[[ RECORDED INFORMATION, beginning ]]

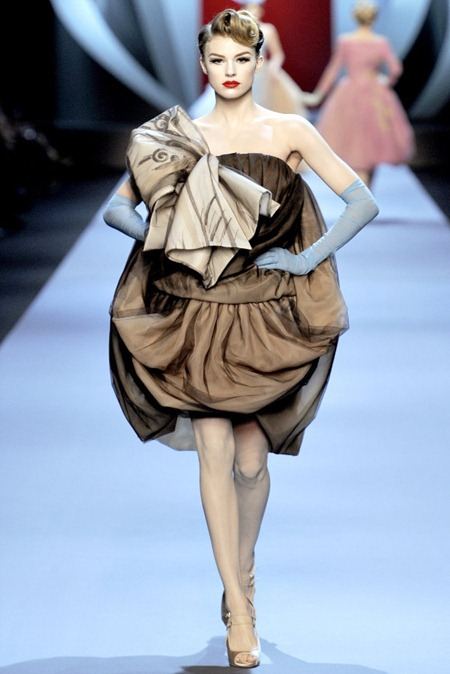 PARIS HAUTE COUTURE: DIOR SPRING 2011 COUTURE
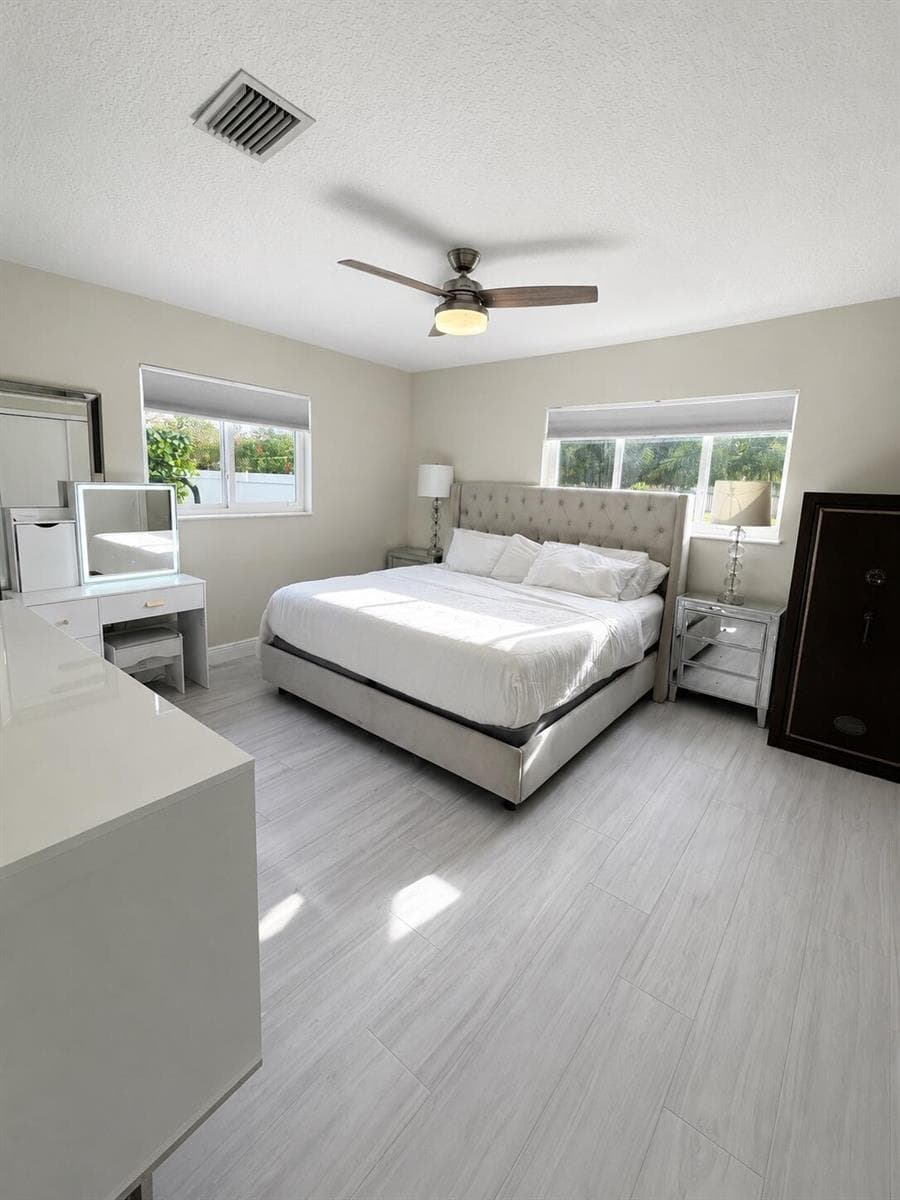 460 SW 55th Avenue, Plantation FL 33317 photo 5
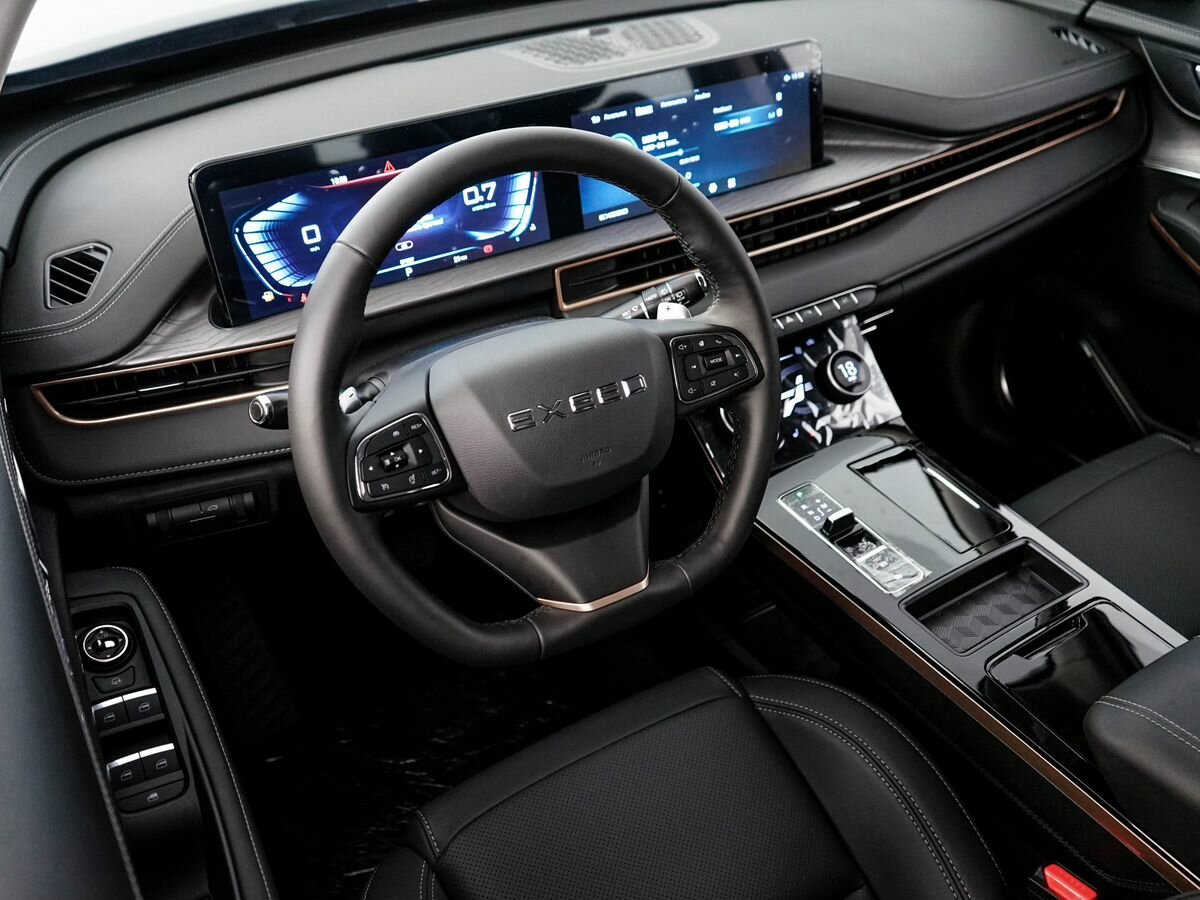 Купить новый EXEED LX I Рестайлинг 1.5 CVT (147 л.с.) бензин вариатор в Воронеже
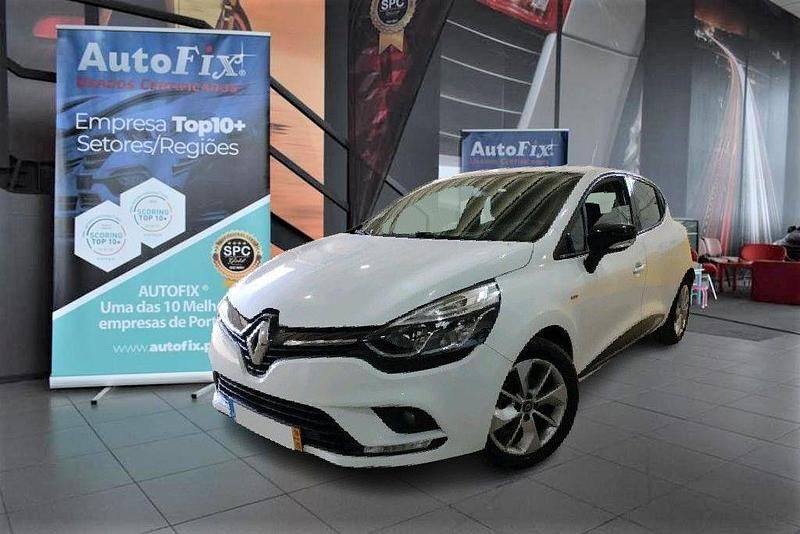 Branco Usado 2016 Renault Clio IV LIMITED Citadino | € 10.800 (Preço justo) - Imagem 1/3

[[ RECORDED INFORMATION, end ]]

PROBLEM STATEMENT: From start to finish, output the listing exactly, but omit its pictures.

EXERCISE SOLUTION:
 PARIS HAUTE COUTURE: DIOR SPRING 2011 COUTURE
 460 SW 55th Avenue, Plantation FL 33317 photo 5
 Купить новый EXEED LX I Рестайлинг 1.5 CVT (147 л.с.) бензин вариатор в Воронеже
 Branco Usado 2016 Renault Clio IV LIMITED Citadino | € 10.800 (Preço justo) - Imagem 1/3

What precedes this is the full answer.